Córcega, conocida como la Isla de la Belleza, es un destino del Mediterráneo francés que destaca por su gran diversidad natural y su marcada identidad cultural. Situada entre Francia e Italia, la isla combina playas de aguas cristalinas, montañas escarpadas y pueblos con encanto, ofreciendo una experiencia auténtica y alejada del turismo masivo. Su carácter salvaje y su riqueza paisajística la convierten en uno de los destinos más atractivos de Europa.
Más del 80 % de su territorio es montañoso, lo que hace de Córcega un lugar ideal para el senderismo y el turismo activo, con rutas emblemáticas como el GR20. Su litoral impresiona con playas paradisíacas y calas de arena clara como Palombaggia, Santa Giulia y Saleccia, además de escenarios únicos como los acantilados de Bonifacio, uno de los grandes iconos turísticos de la isla.

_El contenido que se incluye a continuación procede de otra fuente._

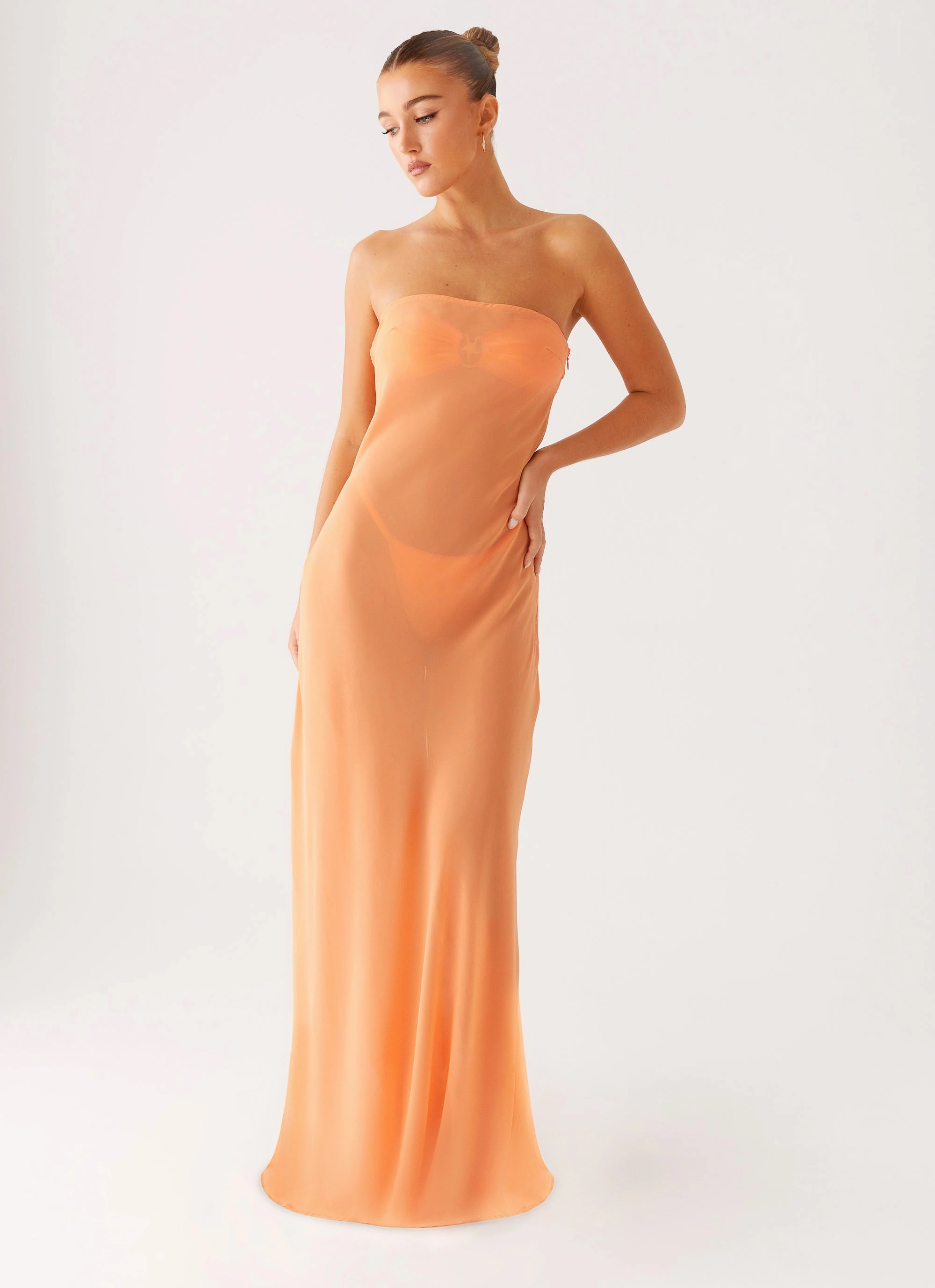 Mattie Strapless Maxi Dress - Orange Office Wear Layered Texture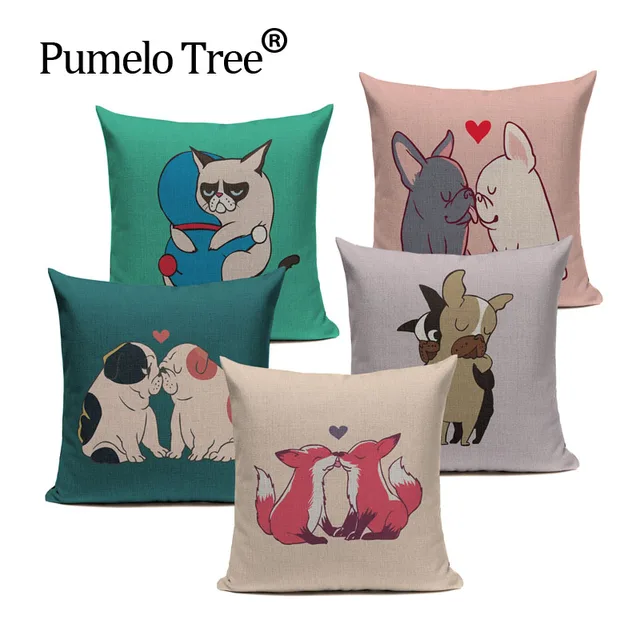 Pug Dog In Love Colorful Cushion Cover Sleep Throw Pillow Pug Dog In Love Colorful Cushion Cover Sleep Throw Pillow Animal Sofa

La cultura corsa mantiene tradiciones propias con influencias genovesas, italianas y francesas, visibles en ciudades y pueblos como Ajaccio y Corte, así como en su música y gastronomía. Platos elaborados con productos locales como el brocciu, los embutidos artesanos, la miel o los vinos reflejan el fuerte vínculo entre la isla y su entorno. Gracias a su clima mediterráneo, Córcega es un destino ideal durante todo el año para viajes de naturaleza, escapadas románticas, vacaciones familiares o rutas en coche inolvidables.